Matched pair analysis was accomplished for heart rate Post-Pre scan and Screening-Prescan. The Mean difference Post-Prescan was -2.417 beats per minute (N=127, Correlation = 0.8656, prob >|t| = 0.0005 uncorrected, 0.006 Bonferroni corrected). The Mean difference Screening-Prescan was -2.126 beats per minute (N=127, Correlation = 0.7912, prob >|t| = 0.0097 uncorrected, 0.1164 Bonferroni corrected). The mean heartrate was lower post scan than prescan consistent with minimum impact of the effort of multiple breath holds.
Across group analysis (within pairs) for heart rate Post-Pre scan showed a mean difference of -0.132 for subjects with COPD compared to -4.054 for normal subjects (F Ratio = 8.69, Prob>F = 0.0038 uncorrected and 0.0228 Bonferroni corrected).
Across group analysis (among pairs) for heart rate Post-Pre scan showed a mean mean of 76.953 for subjects with COPD compared to 75.338 for normal subjects (F Ratio = 0.3984, Prob>F = 0.5291 uncorrected and 1.0 Bonferroni corrected).
This was also consistent with minimum impact of the effort of multiple breath holds with the mean HR decrease slightly lower in the COPD group. The response difference (mean mean) among pairs was not significant.
Figure 2B Bland Altman Plots for Systolic Blood Pressure (Pre vs. Post scan (left) and Screening vs. Pre-Scan ).

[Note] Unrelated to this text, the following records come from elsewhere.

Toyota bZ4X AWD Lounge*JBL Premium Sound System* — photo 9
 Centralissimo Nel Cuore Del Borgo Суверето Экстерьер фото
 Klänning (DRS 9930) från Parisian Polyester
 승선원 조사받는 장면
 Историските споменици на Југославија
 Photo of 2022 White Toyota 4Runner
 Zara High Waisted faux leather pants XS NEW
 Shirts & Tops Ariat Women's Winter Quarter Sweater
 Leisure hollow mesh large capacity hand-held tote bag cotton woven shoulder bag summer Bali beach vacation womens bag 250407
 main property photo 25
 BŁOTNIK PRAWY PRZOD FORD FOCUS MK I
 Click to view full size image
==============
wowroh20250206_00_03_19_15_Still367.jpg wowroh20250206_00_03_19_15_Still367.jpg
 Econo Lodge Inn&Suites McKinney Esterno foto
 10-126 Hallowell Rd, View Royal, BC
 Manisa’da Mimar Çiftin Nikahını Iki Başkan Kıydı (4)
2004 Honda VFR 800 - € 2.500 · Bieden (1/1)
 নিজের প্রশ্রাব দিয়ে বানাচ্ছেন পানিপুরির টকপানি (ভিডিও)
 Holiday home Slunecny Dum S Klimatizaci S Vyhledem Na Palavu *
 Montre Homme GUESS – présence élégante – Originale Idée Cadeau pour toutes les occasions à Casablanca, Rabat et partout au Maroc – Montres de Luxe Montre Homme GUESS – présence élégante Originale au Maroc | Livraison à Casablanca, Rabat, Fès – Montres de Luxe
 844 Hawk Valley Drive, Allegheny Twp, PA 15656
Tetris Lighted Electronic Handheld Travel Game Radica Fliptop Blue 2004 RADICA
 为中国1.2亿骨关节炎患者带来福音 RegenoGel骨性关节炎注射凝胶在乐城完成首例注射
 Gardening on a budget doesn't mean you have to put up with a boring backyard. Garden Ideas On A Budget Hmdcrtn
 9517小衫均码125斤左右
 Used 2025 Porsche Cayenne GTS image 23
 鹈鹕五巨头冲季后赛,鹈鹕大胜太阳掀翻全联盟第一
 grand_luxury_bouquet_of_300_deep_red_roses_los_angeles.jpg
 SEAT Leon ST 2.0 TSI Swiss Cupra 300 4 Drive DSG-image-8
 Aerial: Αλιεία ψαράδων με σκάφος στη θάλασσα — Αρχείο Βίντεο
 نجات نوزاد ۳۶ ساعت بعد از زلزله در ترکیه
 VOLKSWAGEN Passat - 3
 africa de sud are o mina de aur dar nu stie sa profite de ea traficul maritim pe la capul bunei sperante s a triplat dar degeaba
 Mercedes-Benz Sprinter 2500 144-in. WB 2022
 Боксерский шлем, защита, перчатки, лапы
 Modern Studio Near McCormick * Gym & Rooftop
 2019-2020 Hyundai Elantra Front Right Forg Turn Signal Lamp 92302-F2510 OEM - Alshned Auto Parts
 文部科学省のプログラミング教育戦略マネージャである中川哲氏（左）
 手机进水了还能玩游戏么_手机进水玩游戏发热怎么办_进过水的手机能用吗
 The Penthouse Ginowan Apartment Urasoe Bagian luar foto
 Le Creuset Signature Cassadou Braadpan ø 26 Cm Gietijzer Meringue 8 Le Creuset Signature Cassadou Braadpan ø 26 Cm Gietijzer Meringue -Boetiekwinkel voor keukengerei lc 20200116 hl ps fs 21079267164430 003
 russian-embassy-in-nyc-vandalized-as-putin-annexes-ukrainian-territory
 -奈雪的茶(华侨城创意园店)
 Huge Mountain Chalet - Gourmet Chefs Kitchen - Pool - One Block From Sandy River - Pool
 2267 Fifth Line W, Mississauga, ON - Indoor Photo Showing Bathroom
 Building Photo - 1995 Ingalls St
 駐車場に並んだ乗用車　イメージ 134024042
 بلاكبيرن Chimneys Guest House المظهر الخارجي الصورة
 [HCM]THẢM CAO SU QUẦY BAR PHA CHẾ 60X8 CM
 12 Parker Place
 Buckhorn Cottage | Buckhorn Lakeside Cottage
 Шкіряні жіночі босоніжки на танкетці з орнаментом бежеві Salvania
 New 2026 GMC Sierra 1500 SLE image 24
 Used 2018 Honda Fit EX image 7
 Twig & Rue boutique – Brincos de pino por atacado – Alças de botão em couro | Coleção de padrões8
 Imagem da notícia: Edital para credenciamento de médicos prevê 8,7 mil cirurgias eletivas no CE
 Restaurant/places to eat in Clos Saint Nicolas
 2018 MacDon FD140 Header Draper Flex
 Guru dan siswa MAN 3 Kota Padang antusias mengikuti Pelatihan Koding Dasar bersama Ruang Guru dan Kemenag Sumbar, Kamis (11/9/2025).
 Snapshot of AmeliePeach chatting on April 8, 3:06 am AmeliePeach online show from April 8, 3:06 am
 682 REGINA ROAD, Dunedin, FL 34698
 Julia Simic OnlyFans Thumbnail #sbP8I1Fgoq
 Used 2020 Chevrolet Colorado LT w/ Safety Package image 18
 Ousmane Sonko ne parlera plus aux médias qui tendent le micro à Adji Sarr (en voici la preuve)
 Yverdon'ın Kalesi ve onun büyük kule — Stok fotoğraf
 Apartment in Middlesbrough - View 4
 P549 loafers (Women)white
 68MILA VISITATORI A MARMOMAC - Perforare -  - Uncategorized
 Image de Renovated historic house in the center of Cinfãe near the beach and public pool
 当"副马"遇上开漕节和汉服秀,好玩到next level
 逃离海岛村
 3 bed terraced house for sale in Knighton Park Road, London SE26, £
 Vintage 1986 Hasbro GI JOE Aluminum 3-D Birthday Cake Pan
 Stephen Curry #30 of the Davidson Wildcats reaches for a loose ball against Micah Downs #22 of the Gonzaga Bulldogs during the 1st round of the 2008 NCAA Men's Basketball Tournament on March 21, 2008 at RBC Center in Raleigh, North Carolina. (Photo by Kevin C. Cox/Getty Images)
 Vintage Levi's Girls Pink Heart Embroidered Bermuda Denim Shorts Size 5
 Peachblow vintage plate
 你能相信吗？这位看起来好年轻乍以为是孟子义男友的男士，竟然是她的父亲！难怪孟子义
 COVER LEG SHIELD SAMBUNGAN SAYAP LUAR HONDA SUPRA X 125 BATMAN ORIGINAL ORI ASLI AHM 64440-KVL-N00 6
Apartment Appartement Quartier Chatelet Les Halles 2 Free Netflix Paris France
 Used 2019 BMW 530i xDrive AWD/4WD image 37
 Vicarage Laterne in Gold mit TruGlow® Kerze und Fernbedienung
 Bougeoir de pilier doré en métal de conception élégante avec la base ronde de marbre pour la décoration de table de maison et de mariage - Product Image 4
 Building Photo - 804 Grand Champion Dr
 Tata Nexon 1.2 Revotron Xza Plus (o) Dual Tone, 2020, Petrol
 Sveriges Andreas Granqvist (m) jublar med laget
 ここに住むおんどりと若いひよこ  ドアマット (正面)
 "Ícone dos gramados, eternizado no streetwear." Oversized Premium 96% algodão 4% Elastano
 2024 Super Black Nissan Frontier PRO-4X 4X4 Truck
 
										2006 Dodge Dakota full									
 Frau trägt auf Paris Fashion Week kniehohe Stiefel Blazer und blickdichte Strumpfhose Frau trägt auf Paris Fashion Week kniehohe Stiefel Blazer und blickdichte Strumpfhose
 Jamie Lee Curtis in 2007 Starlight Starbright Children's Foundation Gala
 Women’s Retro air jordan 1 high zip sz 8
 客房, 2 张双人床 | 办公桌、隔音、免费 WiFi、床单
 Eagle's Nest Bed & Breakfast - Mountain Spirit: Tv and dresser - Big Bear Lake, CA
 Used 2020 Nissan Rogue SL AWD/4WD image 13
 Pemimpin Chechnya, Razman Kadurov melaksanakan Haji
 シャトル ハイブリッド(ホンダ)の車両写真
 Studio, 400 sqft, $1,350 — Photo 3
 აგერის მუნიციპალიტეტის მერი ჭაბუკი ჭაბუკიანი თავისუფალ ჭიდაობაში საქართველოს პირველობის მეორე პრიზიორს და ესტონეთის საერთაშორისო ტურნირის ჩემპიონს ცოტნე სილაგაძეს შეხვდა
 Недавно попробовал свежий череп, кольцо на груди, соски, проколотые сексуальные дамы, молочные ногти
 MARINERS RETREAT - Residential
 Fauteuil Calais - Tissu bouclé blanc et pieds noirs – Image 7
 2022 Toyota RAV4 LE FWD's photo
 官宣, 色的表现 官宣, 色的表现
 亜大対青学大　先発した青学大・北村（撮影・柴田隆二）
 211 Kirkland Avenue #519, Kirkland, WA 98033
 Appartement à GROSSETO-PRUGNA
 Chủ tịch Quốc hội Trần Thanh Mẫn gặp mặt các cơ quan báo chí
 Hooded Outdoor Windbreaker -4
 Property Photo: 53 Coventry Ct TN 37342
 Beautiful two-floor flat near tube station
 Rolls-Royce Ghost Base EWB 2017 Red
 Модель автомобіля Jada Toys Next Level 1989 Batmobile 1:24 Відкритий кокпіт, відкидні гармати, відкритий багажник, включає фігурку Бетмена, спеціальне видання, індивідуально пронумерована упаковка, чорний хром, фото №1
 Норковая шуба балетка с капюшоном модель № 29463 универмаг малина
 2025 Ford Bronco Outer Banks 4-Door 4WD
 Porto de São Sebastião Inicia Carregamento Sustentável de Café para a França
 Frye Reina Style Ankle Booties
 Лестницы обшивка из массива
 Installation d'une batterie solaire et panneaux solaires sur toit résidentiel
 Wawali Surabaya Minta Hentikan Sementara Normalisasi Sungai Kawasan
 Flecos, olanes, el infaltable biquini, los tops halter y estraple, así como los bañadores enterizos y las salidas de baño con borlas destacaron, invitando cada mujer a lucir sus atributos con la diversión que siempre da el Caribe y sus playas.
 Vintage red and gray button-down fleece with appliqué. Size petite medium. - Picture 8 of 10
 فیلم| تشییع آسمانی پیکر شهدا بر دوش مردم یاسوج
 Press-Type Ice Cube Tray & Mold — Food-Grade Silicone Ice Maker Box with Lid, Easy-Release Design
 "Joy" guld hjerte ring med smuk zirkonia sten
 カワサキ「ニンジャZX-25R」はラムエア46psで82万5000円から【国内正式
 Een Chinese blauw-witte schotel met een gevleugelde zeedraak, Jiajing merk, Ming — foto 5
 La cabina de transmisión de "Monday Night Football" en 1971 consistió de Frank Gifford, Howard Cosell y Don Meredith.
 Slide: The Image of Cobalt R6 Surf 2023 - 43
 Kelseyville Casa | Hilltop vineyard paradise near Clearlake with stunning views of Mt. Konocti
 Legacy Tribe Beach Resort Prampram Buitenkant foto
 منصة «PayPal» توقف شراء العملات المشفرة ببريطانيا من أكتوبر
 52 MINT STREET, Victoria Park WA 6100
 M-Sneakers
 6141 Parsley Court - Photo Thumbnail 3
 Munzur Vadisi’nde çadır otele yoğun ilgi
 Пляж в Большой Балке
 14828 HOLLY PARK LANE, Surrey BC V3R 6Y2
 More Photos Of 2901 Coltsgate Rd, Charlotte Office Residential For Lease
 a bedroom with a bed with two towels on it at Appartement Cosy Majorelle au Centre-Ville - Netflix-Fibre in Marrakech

Matched pair analysis was accomplished for systolic blood pressure Post-Pre scan and Screening-Prescan. The Mean difference Post-Prescan was 6.95 mmHg (N=127, Correlation = 0.7236, prob >|t| = 0.0001 uncorrected, 0.0012 Bonferroni corrected). The Mean difference Screening-Prescan was 0.9212 mmHg (N=127, Correlation = 0.5725, prob >|t| = 0.4685 uncorrected, 1.0 Bonferroni corrected). Mean systolic blood pressure was slightly higher post scan than prescan consistent with minimum impact of the effort of multiple breath holds. There was no significant difference between screening and prescan systolic BP.
Across group analysis (within pairs) for systolic BP Post-Pre scan showed a mean difference of 7.207 for subjects with COPD compared to 6.77 for normal subjects (F Ratio = 0.0358, Prob>F = 0.8503 uncorrected and 1.0 Bonferroni corrected).
Across group analysis (among pairs) for systolic BP Post-Pre scan showed a mean mean of 131.45 for subjects with COPD compared to 123.82 for normal subjects (F Ratio = 7.906, Prob>F = 0.0057 uncorrected and 0.0342 Bonferroni corrected).
This was also consistent with minimum physiologic impact of the effort of multiple breath holds on systolic BP in either group.
Figure 3B Bland Altman Plot for Diastolic Blood Pressure (Screening vs. Pre-Scan).
Matched pair analysis was accomplished for diastolic blood pressure Post-Pre scan and Screening-Prescan. The Mean difference Post-Prescan was 3.866 mmHg (N=127, Correlation = 0.7657, prob >|t| = 0.0001 uncorrected, 0.0012 Bonferroni corrected). The Mean difference Screening-Prescan was 1.614 mmHg (N=127, Correlation = 0.6696, prob >|t| = 0.035 uncorrected, 0.42 Bonferroni corrected). Mean diastolic blood pressure was slightly higher post scan than prescan consistent with minimum impact of the effort of multiple breath holds. There was no significant difference (corrected) between screening and prescan diastolic BP.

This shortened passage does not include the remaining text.